Task for the records below: please copy exactly, and only, the lines from the one containing "Product afbeelding: Travelin'" to the last line, both included, leaving out the pictures.

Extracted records
────────

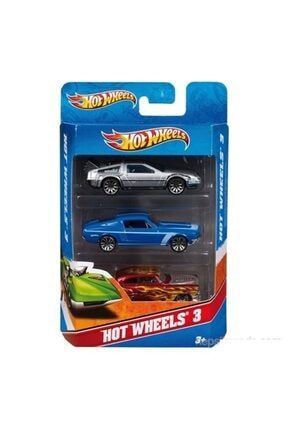 Oyuncak Hot Wheels Araba Seti 3'lü K5904 6565.00137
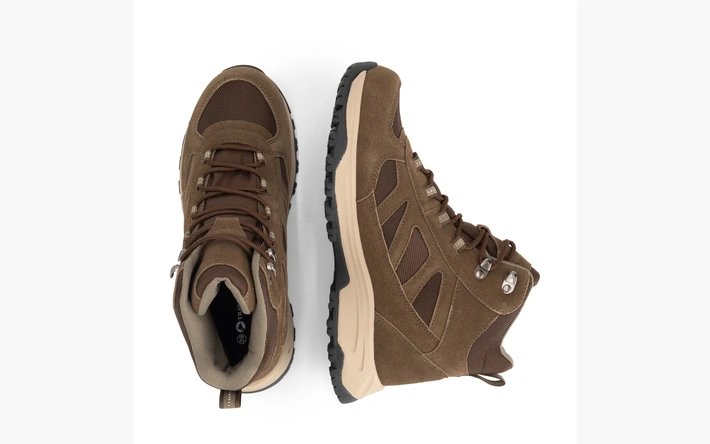 Product afbeelding: Travelin' halfhoge wandelschoenen - Heren & Dames - Walvik & Wissge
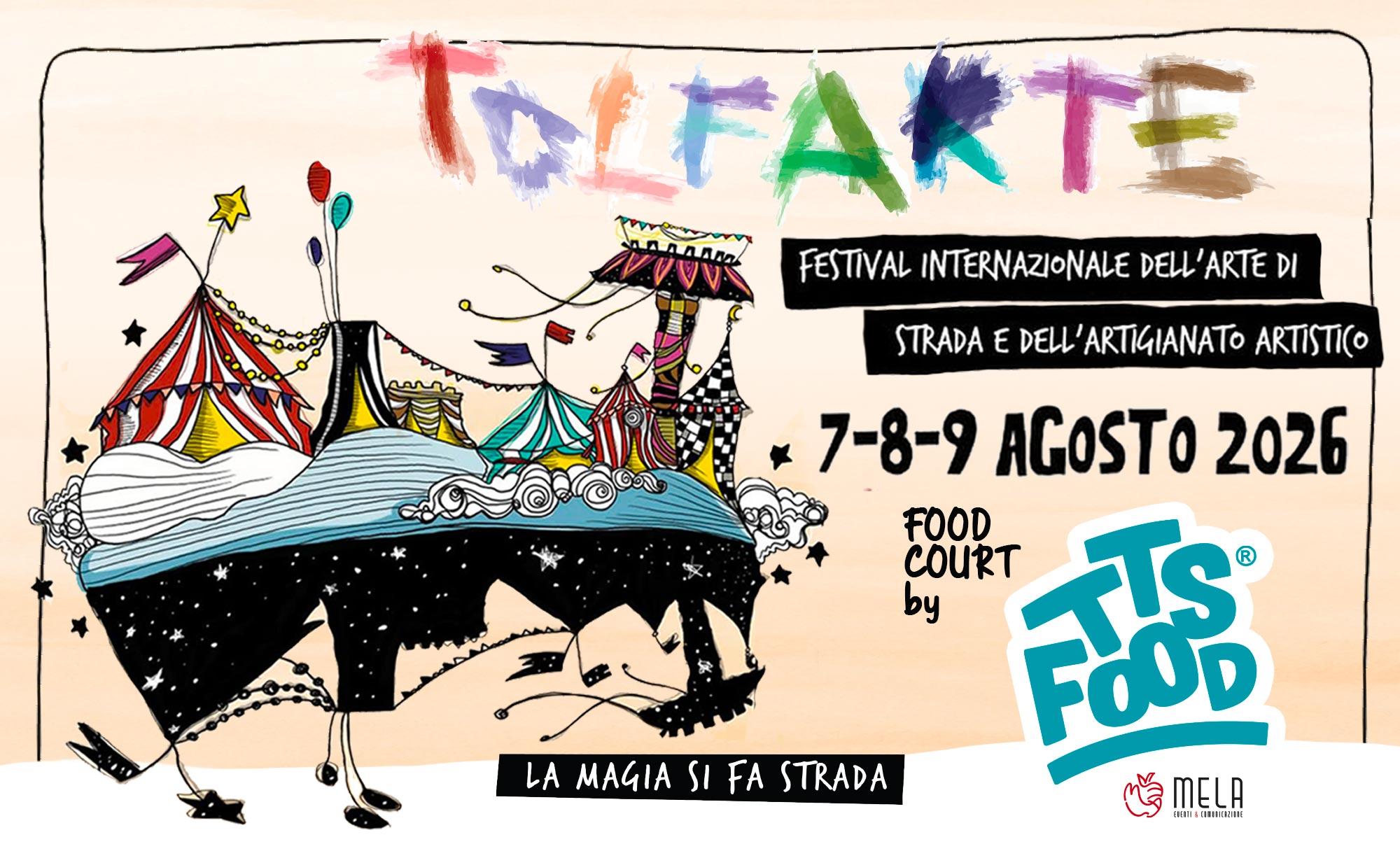 Locandina Tolfarte 2026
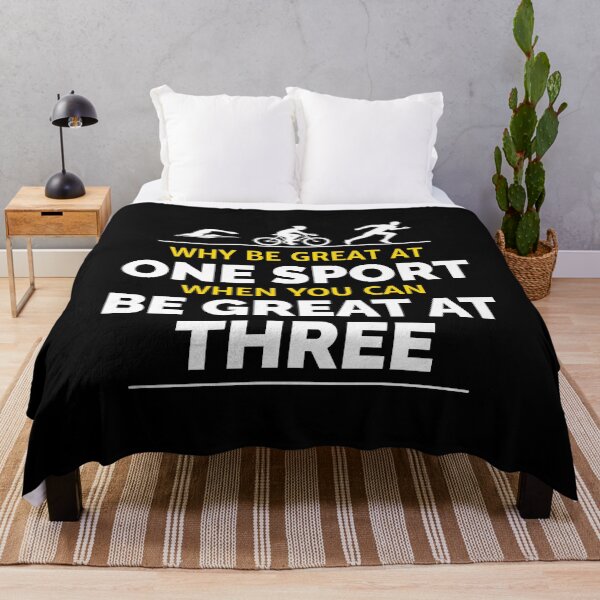Item preview, Swim Bike Run Triathlon Triathlete Athletics Funny designed and sold by CuteDesigns1.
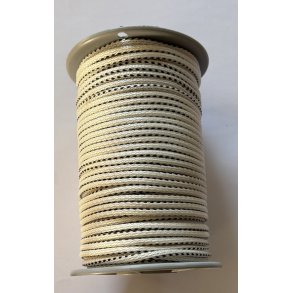 STARTSNOR 4,0MM HVID/SORT 50M.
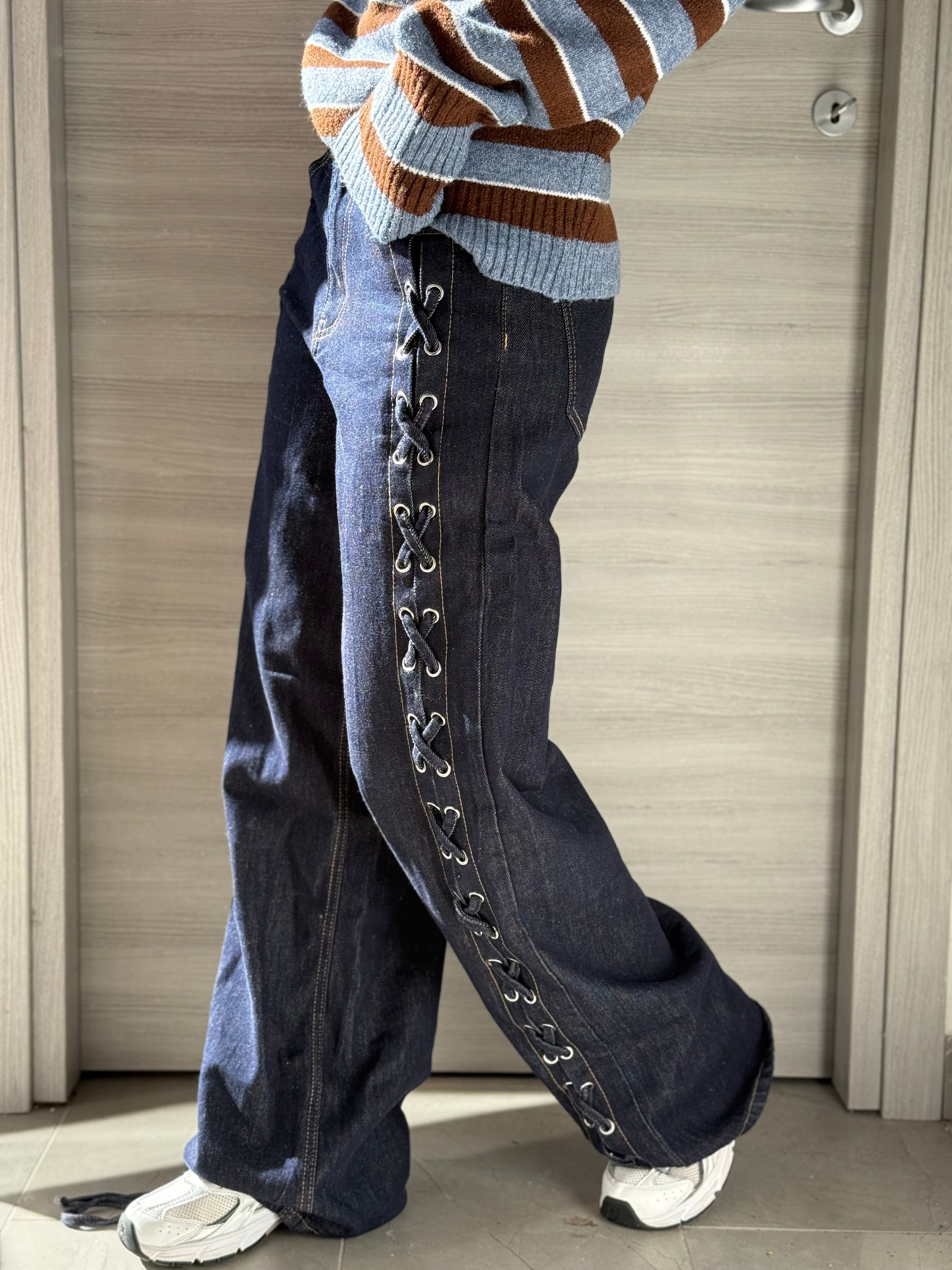 Jeans Stringhe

────────

Expected answer
 Product afbeelding: Travelin' halfhoge wandelschoenen - Heren & Dames - Walvik & Wissge
 Locandina Tolfarte 2026
Item preview, Swim Bike Run Triathlon Triathlete Athletics Funny designed and sold by CuteDesigns1.
 STARTSNOR 4,0MM HVID/SORT 50M.
 Jeans Stringhe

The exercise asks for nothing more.